The Obama Administration and others have proposed tax increases on oil companies as a way of funding clean energy development. Some have even proposed these costly measures to pay for completely unrelated measures.
Burdening our oil producers with new taxes will only make fuel and all goods and services more expensive for consumers. I do not support policies that would saddle motorists and small businesses already struggling to make ends meet with increased fuel costs. Only by creating a business-friendly environment with reasonable tax burdens and restricting overreaching government regulation, can we get our economy back on track.
Again, thank you for contacting me. I look forward to continuing our conversation on Facebook (www.facebook.com/SenatorBlunt) and Twitter (www.twitter.com/RoyBlunt) about the important issues facing Missouri and the country. I also encourage you to visit my website (blunt.senate.gov) to learn more about where I stand on the issues and sign-up for my e-newsletter.
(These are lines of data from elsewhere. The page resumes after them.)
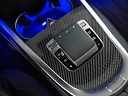 Mercedes-Benz G-Класс AMG Черный Non metallic фото 25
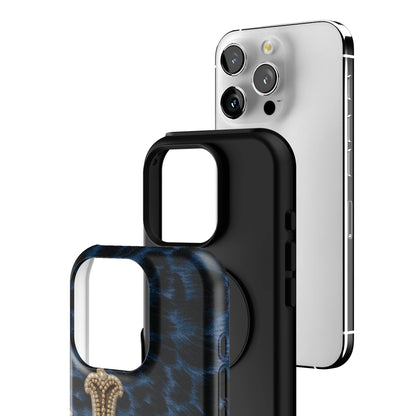 Iphone_16_Pro_3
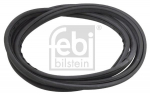 Tihend,esiklaas FEBI BILSTEIN 08882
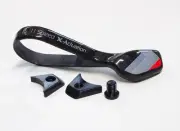 SRAM XX1 Rear 11-speed Trigger Shifter Pull Lever Kit Red, Right Hand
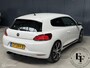 Volkswagen Scirocco 1.4 TSI|160pk|Verw. stoe.|Carplay|Half leer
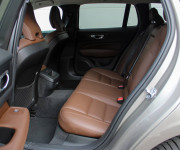 Volvo V60 D3 Inscription A/T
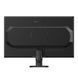 Монитор GIGABYTE 27" GS27QA EK 180Hz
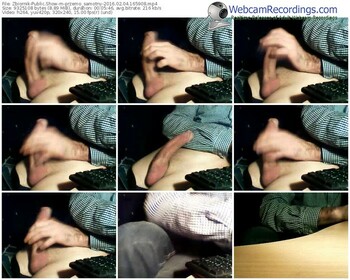 zbiornik-przemo_samotny-webcam-show-02_04_2016-16_59_08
By Hamilton Nolan Pastor's Fake Navy SEAL Career Based on Under SiegeEveryone thought that Jim Moats, a pastor in Newville, Pennsylvania, was a retired Navy SEAL and a Vietnam war hero. He had a plaque to that effect hanging in his office, and he wore the trident medal symbolizing SEAL membership. For a profile in yesterday's local paper, Moats told of being "waterboarded" by SEAL instructors, and of being busted down to a kitchen worker after getting in a fight. "I had almost no discipline. I was as wild as they came. That was my nemesis," Moats said. "They weren't looking for a guy who brags to everyone he is a SEAL. They wanted somebody who was ready but had an inner confidence and didn't have a braggadocio attitude." "They" were wise. It took only one day for Moats to be exposed as a liar, who'd never been a SEAL at all, and who spent the Vietnam war aboard a Navy ship. Don Shipley, the retired SEAL who proved Moats had never been a member "said Moats' story about being re-assigned to kitchen duty and about being waterboarded were lifted from the Steven Seagal movie Under Siege, while his reference to being hit by SEAL instructors was vintage GI Jane." He also said he's seen lots of clergy members tell the same type of lies! (Trend story possibility alert, for journalists!) Moats says he just wanted to be a war hero and he was wrong, etc. We believe him. Look at how much attention those Navy SEALS guys are getting right now. Who wouldn't want to be mistaken for a SEAL, at least for a few days? (Ladies, don't ask me whether I was or wasn't; I just don't talk about it.) But when you feel that temptation, it's useful to remember the words of former SEAL Don Shipley, who puts in perspective why Jim Moats was so wrong here:
Don't lie about being a SEAL, because those guys are mumbling maniacs. Who knows what they might do? [PennLive.com via Christian Nightmares. Photo of Moats via cbfcfamily.org] | May 9th, 2011 Top Stories |
This a must read as it will make you proud of what your fathers/grandfathers /brothers did for us. Amazing WWII Aircraft Facts
Most Americans who were not adults during WWII have no understanding of the magnitude of it. This listing of some of the aircraft facts gives a bit of insight to it.
|
|
I am using the Free version of SPAMfighter.
SPAMfighter has removed 3026 of my spam emails to date.Do you have a slow PC? Try free scan!